Il faut dire que pendant longtemps, les nanas jouant de la batterie se sont faites aussi rares que l’eau dans le désert. Si dans l’histoire des musiques populaires les chanteuses n’ont jamais manqué, les filles ont en revanche mis du temps à se faire une place comme musiciennes professionnelles, quel que soit l’instrument pratiqué. Quant à elles, les batteuses ont longtemps été totalement sous-représentées.
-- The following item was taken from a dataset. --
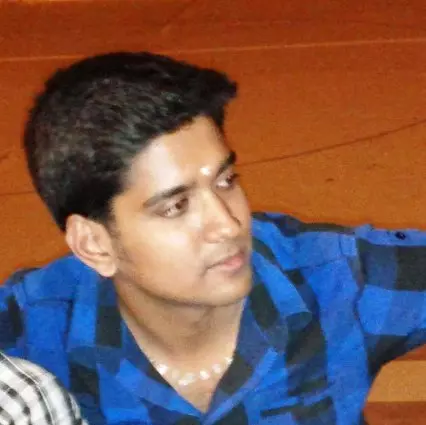 Ajaykumar Selvaraj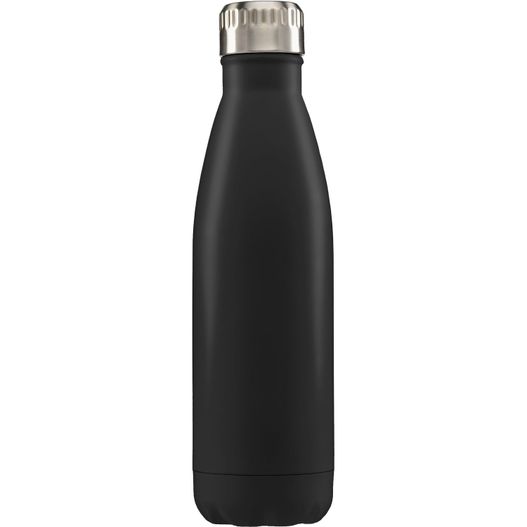 Ibiza - 475ml Edelstahlflasche - Doppelwandig (Bild 1)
La pionnière d’entre elles, Viola Smith, aujourd’hui âgée de 108 ans (!), a dû se sentir bien seule lorsqu’elle se produisait dans les années 1930-1940 dans un milieu de musiciens de jazz archi-macho, trusté par les mâles.

Dans les années 1960 ont commencé à émerger quelques groupes de rock and roll et de pop avec une fille à la batterie, comme The Belles, The She’s, The Pussycats, The Livebirds etc. – formations qu’on peut écouter dans les 11 volumes des compilations « Girls in The Garage » – mais cette présence est restée confidentielle et marginale. Seule Honey Lantree, batteuse de The Honeycombs, est parvenue en son temps à une véritable notoriété, grâce à la chanson Have I the Right, produite en 1964 par Joe Meek, qui s’était hissée à la 1ère place des charts anglais et à la 5ème des charts américains. Leur clip est un des seuls des sixties où apparaît une femme derrière les fûts. Dans la deuxième moitié de cette décennie, Moe Tucker fera encore figure d’ovni dans le monde de la pop, sans parler de Helen Wiggin, qui officiait au sein des très loufoques Shaggs. Il faudra attendre les années 1970 et notamment l’avènement du punk pour que les filles se mettent vraiment à la batterie et montrent à ces messieurs qu’elles pouvaient faire aussi bien qu’eux.


Honey Lantree mène les Honeycombs à la baguette.


Dès 1976, sous la houlette du Pygmalion Kim Fowley, les Runaways vont ouvrir la voie, dans un genre hard-rock-glam gras à souhait, qui sera couronné par un succès massif. La batteuse Sandy West montrera – à rebours des préjugés sexistes – qu’une fille peut sans problème rivaliser avec les mecs en termes de puissance de frappe et de technicité. C’était l’époque où les producteurs considéraient que les filles devaient s’aligner sur les standards quelque peu caricaturaux du rock « burné », quitte à en faire des tonnes niveau rock and roll attitude. Dans les années 1990, aux heures de gloire du grunge, Demetra Plakas de L7 ou Patty Schemel de Hole, avec leur jeu musclé, s’inscriront dans le sillage de leur glorieuse ancêtre Sandy West des Runaways. À sa suite apparaîtront, fin 1970 et début 1980, quelques batteuses très rock comme Gina Schock des Go-Go’s ou Marcy Saddy des B-Girls.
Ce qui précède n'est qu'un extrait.